### MATERIAL TO PROCESS
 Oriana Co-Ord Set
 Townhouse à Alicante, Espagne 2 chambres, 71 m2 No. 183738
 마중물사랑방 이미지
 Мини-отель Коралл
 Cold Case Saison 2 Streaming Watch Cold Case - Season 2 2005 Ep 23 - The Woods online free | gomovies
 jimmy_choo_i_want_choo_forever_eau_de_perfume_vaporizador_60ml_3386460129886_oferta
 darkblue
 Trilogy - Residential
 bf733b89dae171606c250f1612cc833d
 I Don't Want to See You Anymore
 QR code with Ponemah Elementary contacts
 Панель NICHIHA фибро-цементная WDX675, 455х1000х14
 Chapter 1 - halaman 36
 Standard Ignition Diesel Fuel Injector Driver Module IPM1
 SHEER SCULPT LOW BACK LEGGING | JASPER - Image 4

### EXERCISE OBJECTIVE
Would you please give the data above again, exactly as it appears?

### RESPONSE TO THE EXERCISE
 Oriana Co-Ord Set
 Townhouse à Alicante, Espagne 2 chambres, 71 m2 No. 183738
 마중물사랑방 이미지
 Мини-отель Коралл
 Cold Case Saison 2 Streaming Watch Cold Case - Season 2 2005 Ep 23 - The Woods online free | gomovies
 jimmy_choo_i_want_choo_forever_eau_de_perfume_vaporizador_60ml_3386460129886_oferta
 darkblue
 Trilogy - Residential
 bf733b89dae171606c250f1612cc833d
 I Don't Want to See You Anymore
 QR code with Ponemah Elementary contacts
 Панель NICHIHA фибро-цементная WDX675, 455х1000х14
 Chapter 1 - halaman 36
 Standard Ignition Diesel Fuel Injector Driver Module IPM1
 SHEER SCULPT LOW BACK LEGGING | JASPER - Image 4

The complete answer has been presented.